▸ **PROBLEM DESCRIPTION**:
Word for word, restate the listing that follows and leave out the images.

▸ **STORED DATA**:
————————
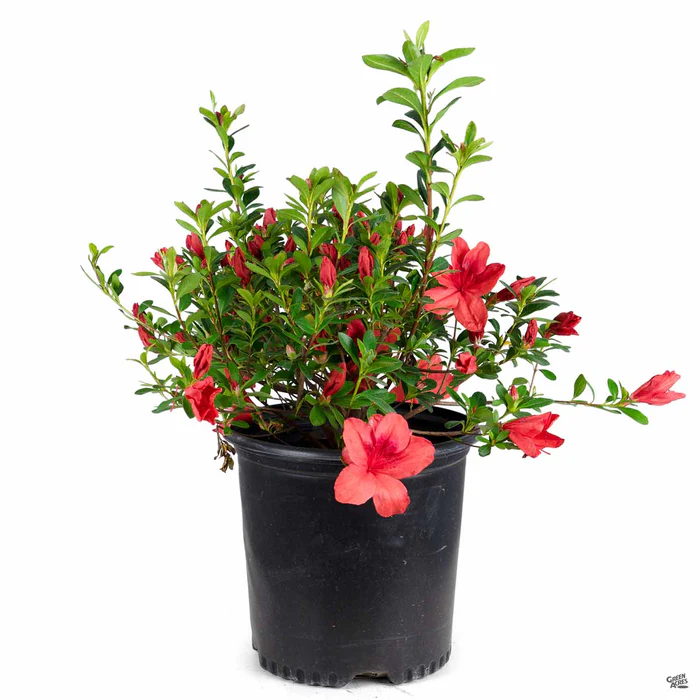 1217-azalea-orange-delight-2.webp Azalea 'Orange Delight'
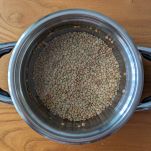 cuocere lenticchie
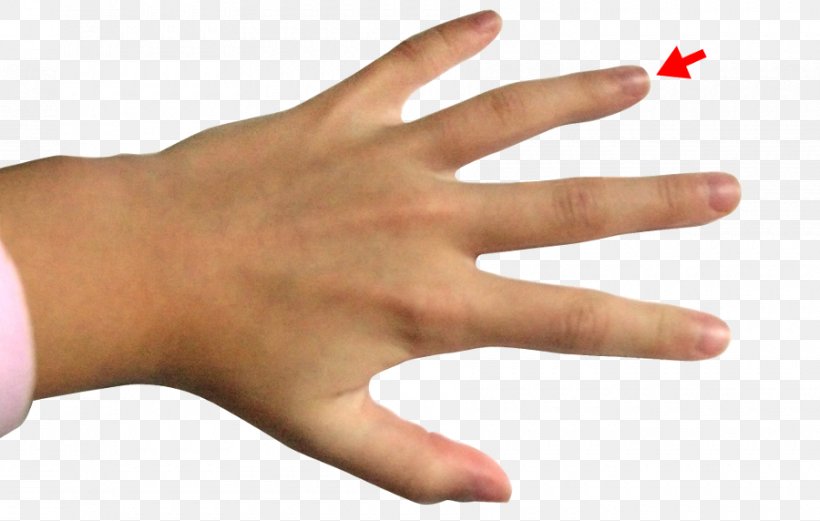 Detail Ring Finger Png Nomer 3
————————
▸ **EXERCISE SOLUTION**:
 1217-azalea-orange-delight-2.webp Azalea 'Orange Delight'
 cuocere lenticchie
 Detail Ring Finger Png Nomer 3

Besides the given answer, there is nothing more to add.